11/04/2020
This month, join us at this year's studio senior pop-up exhibition, "Dissent," which features works by studio art seniors Andrea Czafit, Melissa Rodriguez, and Renee Sang and discusses current political problems within environments personal to the artists.
Renee Sang's work features a series of photographs related to direct advocacy for the fight to save Split Oak Forest. Sang works her lens to highlight the area's irreplaceable character and rich source of biodiversity. The varied life of Split Oak Forest appears in Sang's work as stringent details of cracks, splits, and tree markings. Sang also covers the politicized nature of the fight to save the forest and how that fits into a broader context of the destruction of public lands and the natural environment.

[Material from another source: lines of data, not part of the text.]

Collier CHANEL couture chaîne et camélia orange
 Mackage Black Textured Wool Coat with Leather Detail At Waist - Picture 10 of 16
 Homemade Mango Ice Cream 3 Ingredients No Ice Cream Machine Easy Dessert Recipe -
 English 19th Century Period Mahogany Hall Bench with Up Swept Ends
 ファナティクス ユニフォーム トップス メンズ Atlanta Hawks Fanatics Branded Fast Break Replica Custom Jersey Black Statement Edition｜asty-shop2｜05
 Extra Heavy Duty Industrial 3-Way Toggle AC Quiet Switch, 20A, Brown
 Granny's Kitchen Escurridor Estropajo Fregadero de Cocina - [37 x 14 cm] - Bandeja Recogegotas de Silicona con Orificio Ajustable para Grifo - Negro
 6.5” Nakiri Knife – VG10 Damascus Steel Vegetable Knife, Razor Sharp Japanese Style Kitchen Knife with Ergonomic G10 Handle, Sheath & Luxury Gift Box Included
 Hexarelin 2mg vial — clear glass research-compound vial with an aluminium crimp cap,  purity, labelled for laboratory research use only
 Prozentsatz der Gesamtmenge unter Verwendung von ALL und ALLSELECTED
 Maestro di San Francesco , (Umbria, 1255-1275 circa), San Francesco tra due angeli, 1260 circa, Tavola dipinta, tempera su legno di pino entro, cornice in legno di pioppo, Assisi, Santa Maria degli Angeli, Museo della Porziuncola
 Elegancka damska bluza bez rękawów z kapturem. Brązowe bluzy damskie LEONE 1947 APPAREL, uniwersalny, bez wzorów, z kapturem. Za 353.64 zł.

Melissa Rodriguez tackles the subjugation of her female/feminine Colombian identity with a series of performative self-portraits. She utilizes typical Latinx depictions in Western media to influence her imagery. As a Colombian woman, Rodriguez feels like media representations of herself can never escape the sexual, criminal, and exoticized stereotypes.
Andrea Czafit features a section of Downtown Sanford - West Streets - as the subject of her work. By presenting various collective and individual identities of this lower-income, mostly minority-populated area, she questions the biases of racial and class stereotypes with the aim of dismantling prejudices held by the outer middle-class community.
To view these students' empowering works, which will be exhibited for a limited time from November 17th to 20th, visit Dissent within Room 103 of the Cornell Fine Arts Center, adjacent to the Cornell Fine Arts Museum.